== EXERCISE OBJECTIVE ==
For the listing below, the answer is an exact retyping of the lines from the one with "Salvatore Ferragamo Black/White" through the one with "Cream fabric scattered", both included, without pictures.

== EXTRACTED RECORDS ==
+--
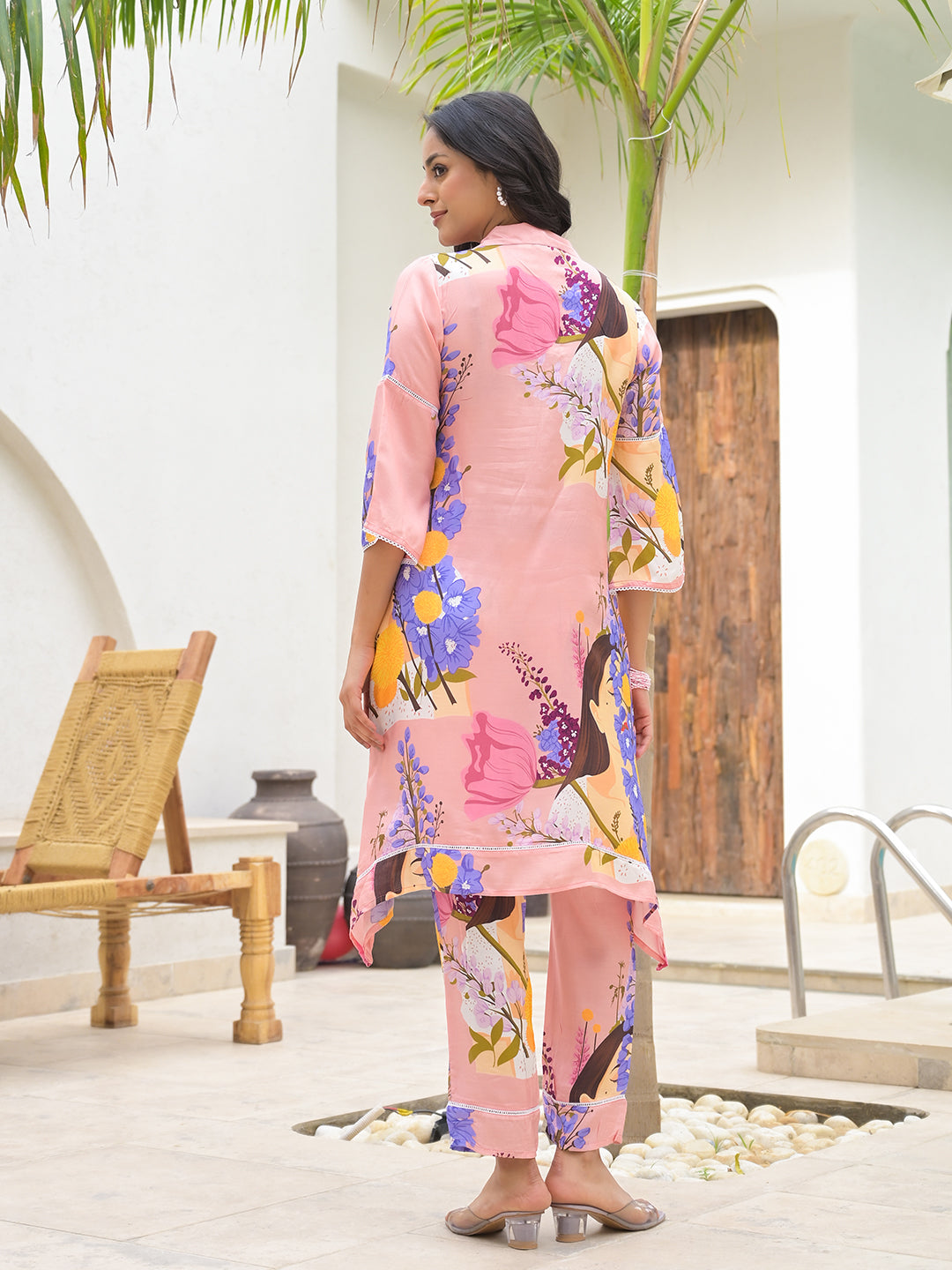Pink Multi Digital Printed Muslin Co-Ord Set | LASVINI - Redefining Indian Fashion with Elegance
+--
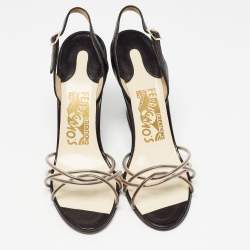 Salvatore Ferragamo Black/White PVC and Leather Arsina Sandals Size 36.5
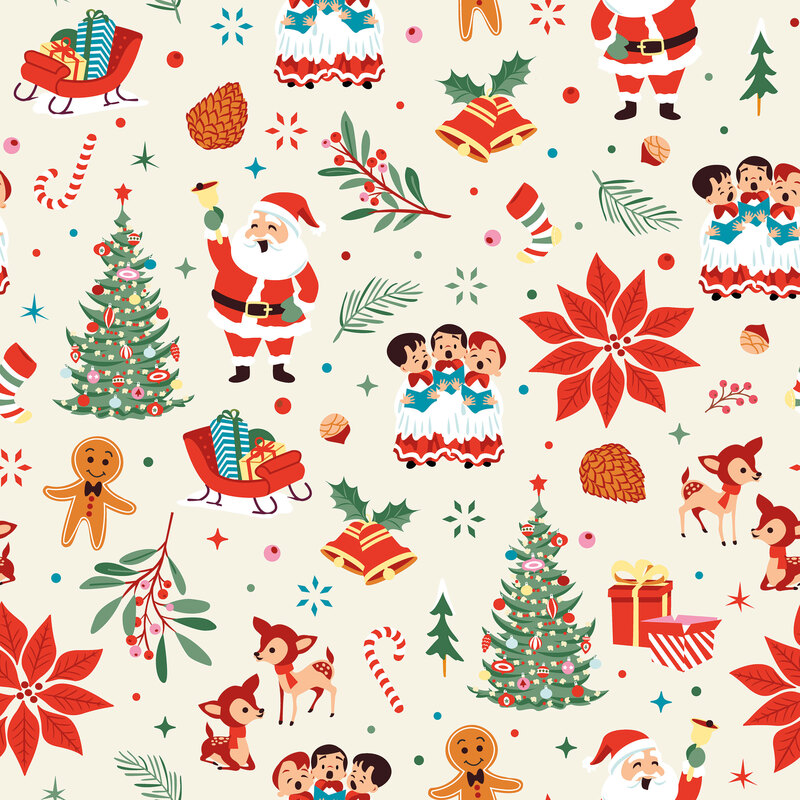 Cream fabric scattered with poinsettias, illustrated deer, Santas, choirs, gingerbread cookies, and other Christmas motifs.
+--
== RESPONSE AREA ==
 Salvatore Ferragamo Black/White PVC and Leather Arsina Sandals Size 36.5
 Cream fabric scattered with poinsettias, illustrated deer, Santas, choirs, gingerbread cookies, and other Christmas motifs.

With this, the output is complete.